-- Exercise --
Repeat what the lines below say, word for word, and skip every image.

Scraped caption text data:
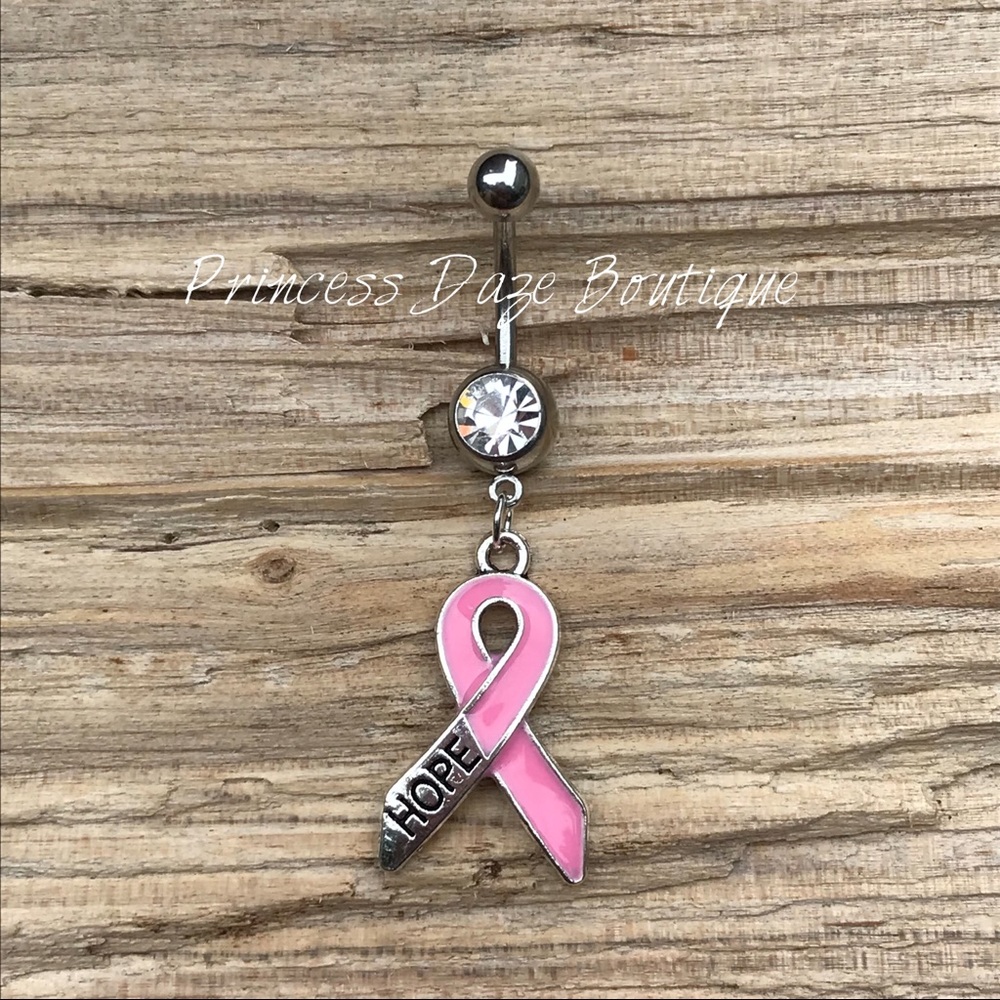 BCA Awareness Ribbon‎ Belly Button Ring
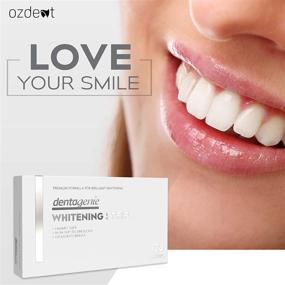 img 1 attached to 🦷 DENTAGENIE Teeth Whitening Strips: Achieve Whiter Teeth in Just 30 Minutes a Day with 6% Hydrogen Peroxide Gel - 28 No Slip Upper and Lower White Strips Included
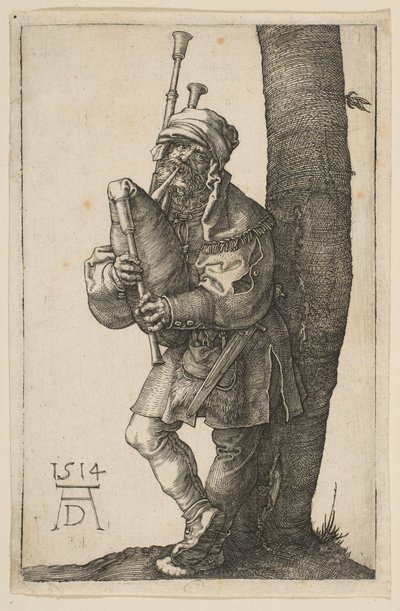Säckpiparen, 1514. av Albrecht Dürer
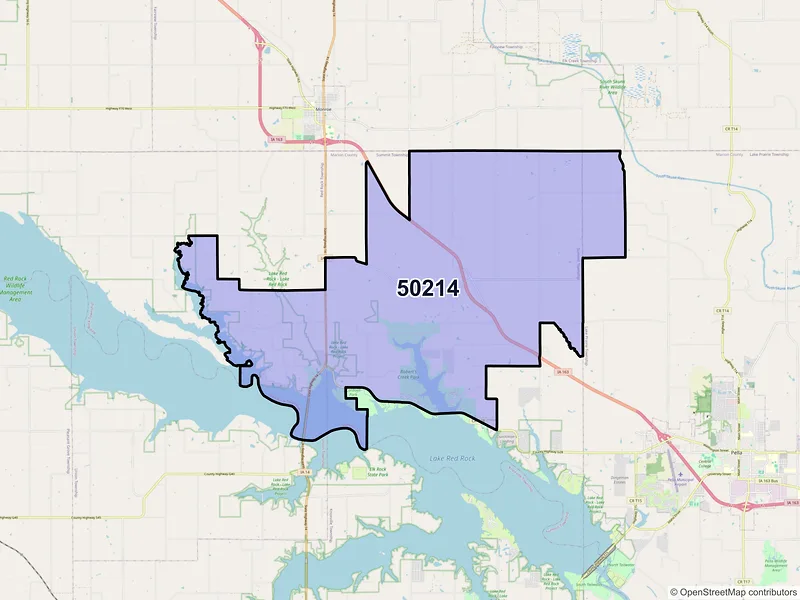 Map of ZIP Code 50214 — Otley, IA
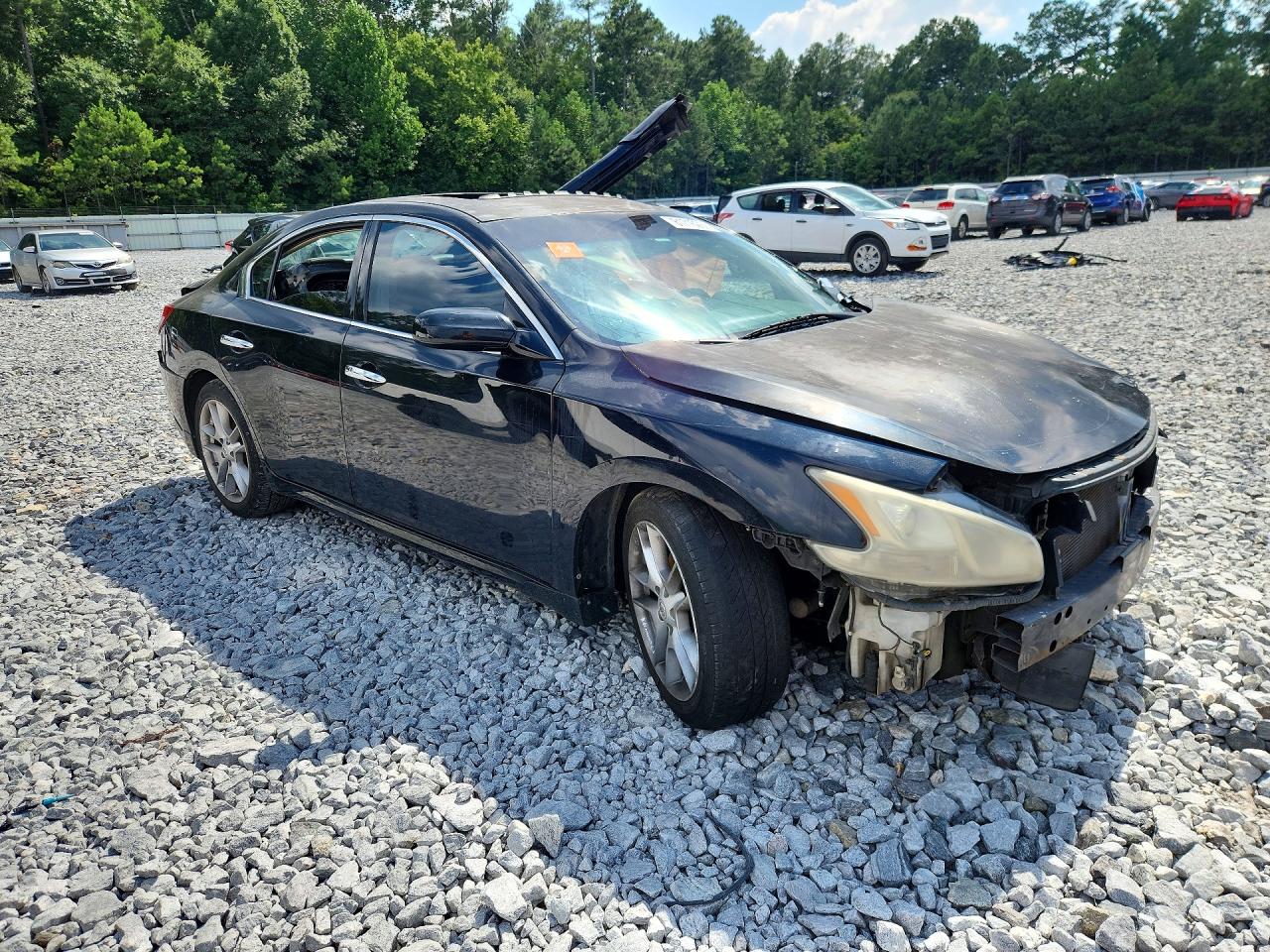 2011 Nissan Maxima 3.5 S Черный vin: 1N4AA5AP2BC815656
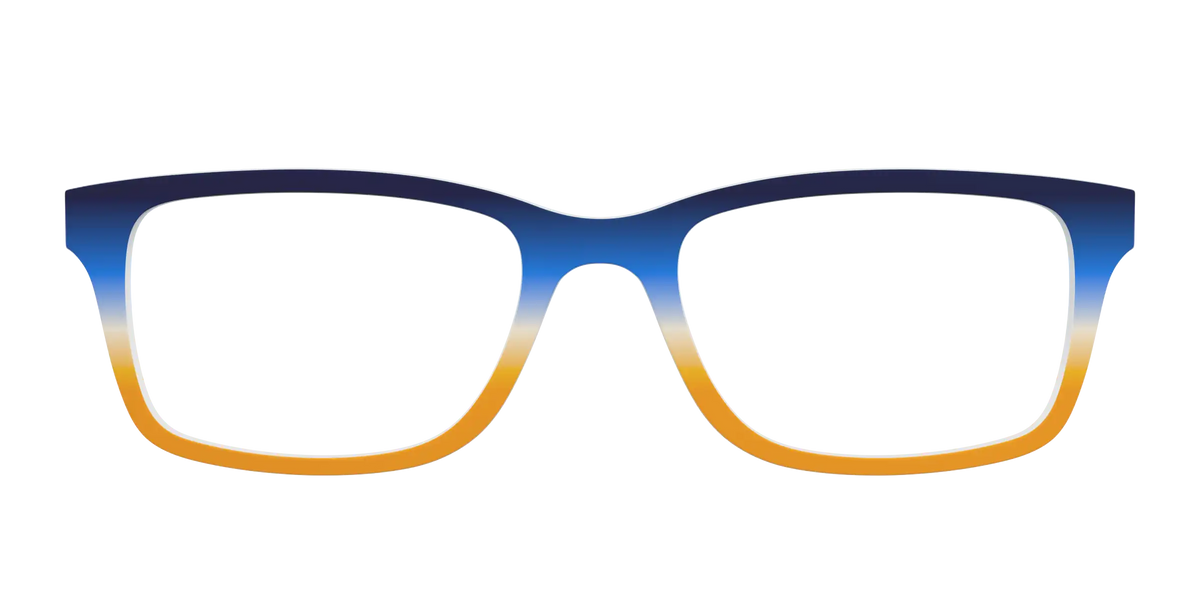 The Royal Blue to Gold Gradient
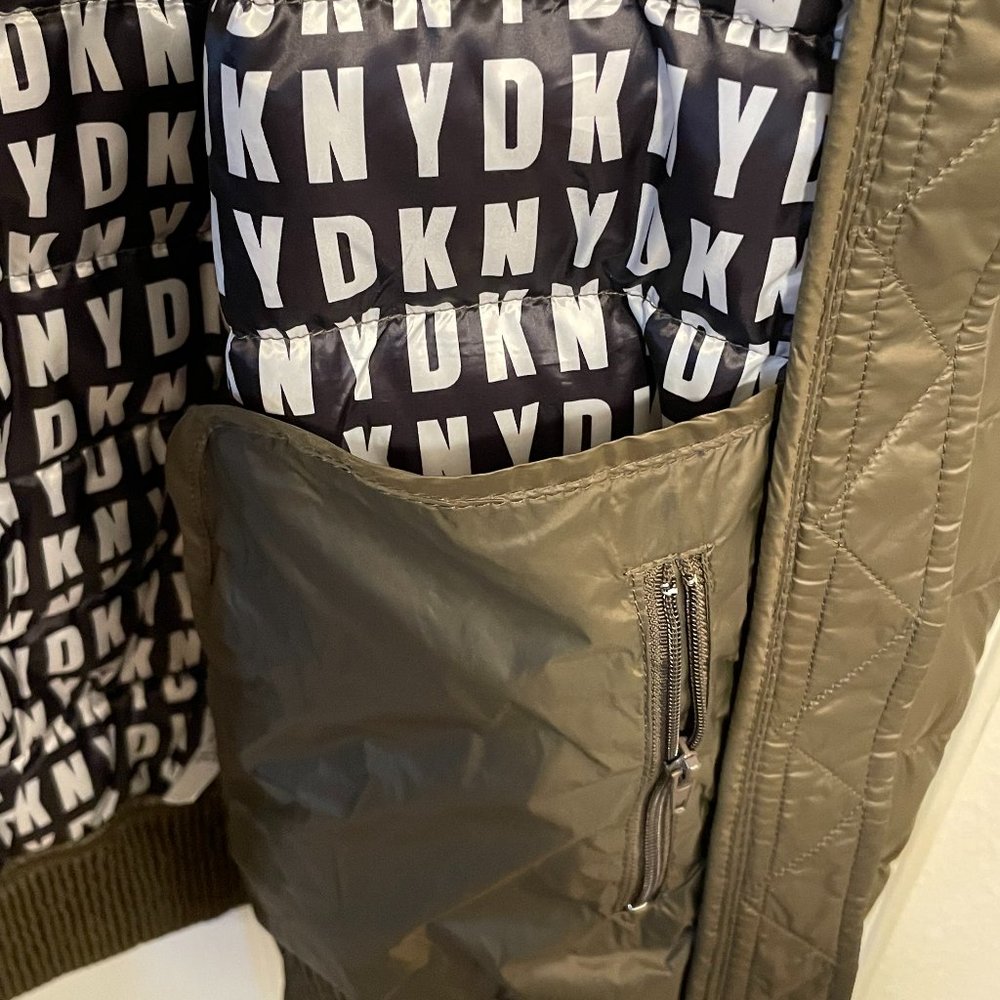 DKNY Women's Lightweight Bomber Jacket - Small - Picture 5 of 9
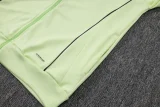 2025-26 Mens Real Madrid  Light green Jacket Tracksuit  #A25113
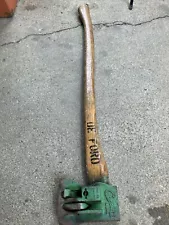 Vintage Chopper 1 Wood Log Splitting Axe Nice Wood Handle, made in the USA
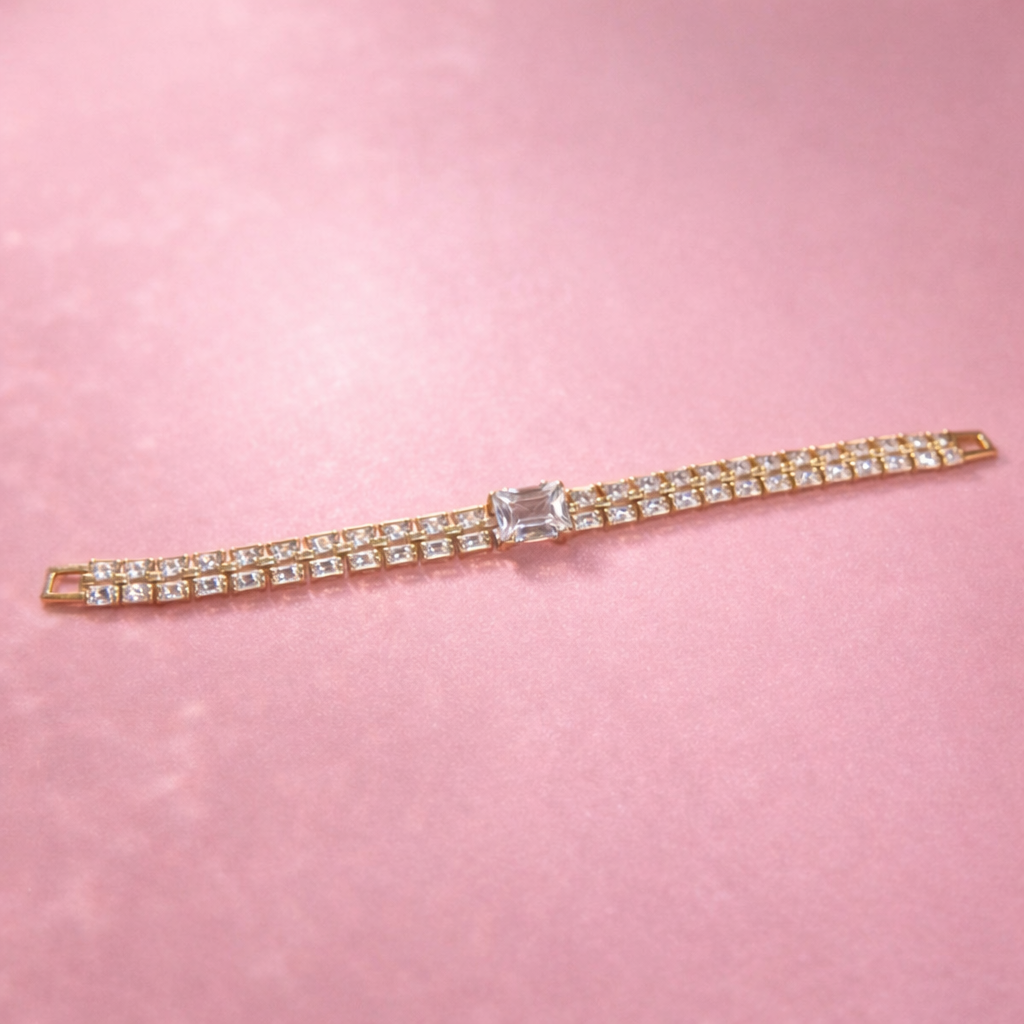 Royal Crystal Tennis Bracelet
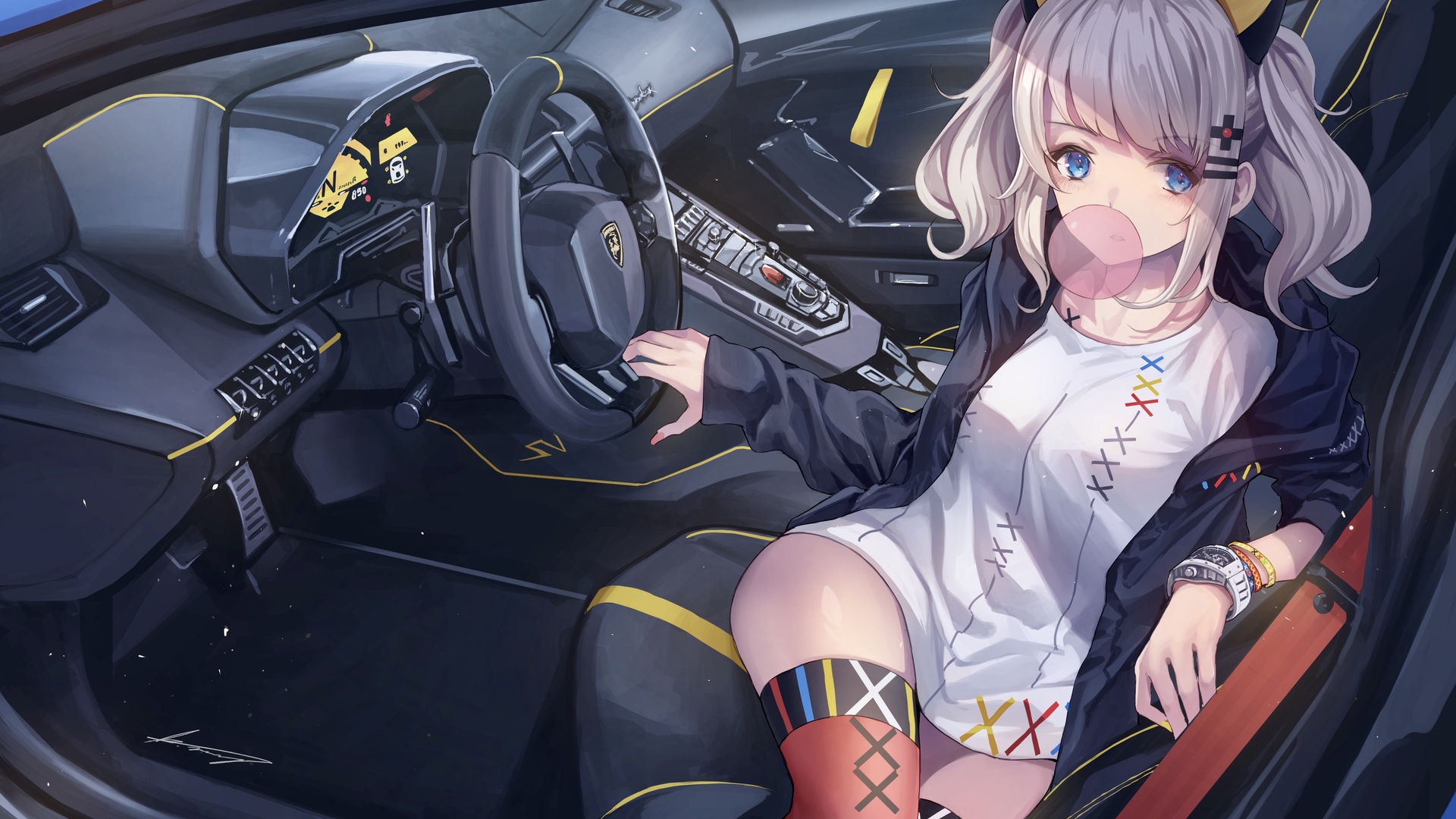 卡古亚露娜 蓝眼睛 动漫 动漫女孩 AI艺术 肖像 壁纸 3840×2160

-- Solution to the exercise --
 BCA Awareness Ribbon‎ Belly Button Ring
 img 1 attached to 🦷 DENTAGENIE Teeth Whitening Strips: Achieve Whiter Teeth in Just 30 Minutes a Day with 6% Hydrogen Peroxide Gel - 28 No Slip Upper and Lower White Strips Included
Säckpiparen, 1514. av Albrecht Dürer
 Map of ZIP Code 50214 — Otley, IA
 2011 Nissan Maxima 3.5 S Черный vin: 1N4AA5AP2BC815656
 The Royal Blue to Gold Gradient
 DKNY Women's Lightweight Bomber Jacket - Small - Picture 5 of 9
 2025-26 Mens Real Madrid  Light green Jacket Tracksuit  #A25113
 Vintage Chopper 1 Wood Log Splitting Axe Nice Wood Handle, made in the USA
 Royal Crystal Tennis Bracelet
 卡古亚露娜 蓝眼睛 动漫 动漫女孩 AI艺术 肖像 壁纸 3840×2160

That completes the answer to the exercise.